**EXERCISE DATA**
'''

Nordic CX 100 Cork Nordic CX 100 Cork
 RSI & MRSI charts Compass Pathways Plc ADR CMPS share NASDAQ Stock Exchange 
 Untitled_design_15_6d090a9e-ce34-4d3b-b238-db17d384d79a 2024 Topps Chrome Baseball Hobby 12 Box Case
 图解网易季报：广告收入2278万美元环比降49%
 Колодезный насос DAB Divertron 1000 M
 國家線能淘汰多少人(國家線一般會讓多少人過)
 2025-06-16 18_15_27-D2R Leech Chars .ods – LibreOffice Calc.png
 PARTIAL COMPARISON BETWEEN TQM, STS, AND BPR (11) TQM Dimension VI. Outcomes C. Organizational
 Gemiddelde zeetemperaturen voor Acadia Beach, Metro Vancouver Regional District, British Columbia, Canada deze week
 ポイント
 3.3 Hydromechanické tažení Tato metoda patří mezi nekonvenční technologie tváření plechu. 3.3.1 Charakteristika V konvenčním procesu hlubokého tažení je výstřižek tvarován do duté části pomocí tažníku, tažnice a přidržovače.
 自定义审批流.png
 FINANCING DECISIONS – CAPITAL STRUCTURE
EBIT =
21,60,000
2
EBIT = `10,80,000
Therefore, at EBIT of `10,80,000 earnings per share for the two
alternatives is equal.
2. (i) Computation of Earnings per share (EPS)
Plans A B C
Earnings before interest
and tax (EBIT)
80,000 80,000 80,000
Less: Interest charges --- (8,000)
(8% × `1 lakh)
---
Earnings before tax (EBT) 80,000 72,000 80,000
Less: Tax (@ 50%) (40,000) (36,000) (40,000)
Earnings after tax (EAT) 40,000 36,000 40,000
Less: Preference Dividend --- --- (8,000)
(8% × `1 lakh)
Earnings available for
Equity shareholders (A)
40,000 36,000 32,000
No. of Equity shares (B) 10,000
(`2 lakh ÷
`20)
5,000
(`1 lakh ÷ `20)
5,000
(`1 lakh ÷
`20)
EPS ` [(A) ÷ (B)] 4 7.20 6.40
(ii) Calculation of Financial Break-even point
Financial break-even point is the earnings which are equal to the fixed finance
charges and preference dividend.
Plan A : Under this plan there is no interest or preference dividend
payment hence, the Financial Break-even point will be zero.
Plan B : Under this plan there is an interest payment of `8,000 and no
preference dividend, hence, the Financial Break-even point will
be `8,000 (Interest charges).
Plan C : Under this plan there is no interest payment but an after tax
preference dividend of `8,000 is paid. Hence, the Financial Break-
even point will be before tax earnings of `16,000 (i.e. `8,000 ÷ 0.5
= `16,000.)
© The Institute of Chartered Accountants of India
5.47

'''

Please output only the lines from the first line of the entries through the line with "2025-06-16 18_15_27-D2R Leech", both included, exactly as written.

Nordic CX 100 Cork Nordic CX 100 Cork
 RSI & MRSI charts Compass Pathways Plc ADR CMPS share NASDAQ Stock Exchange 
 Untitled_design_15_6d090a9e-ce34-4d3b-b238-db17d384d79a 2024 Topps Chrome Baseball Hobby 12 Box Case
 图解网易季报：广告收入2278万美元环比降49%
 Колодезный насос DAB Divertron 1000 M
 國家線能淘汰多少人(國家線一般會讓多少人過)
 2025-06-16 18_15_27-D2R Leech Chars .ods – LibreOffice Calc.png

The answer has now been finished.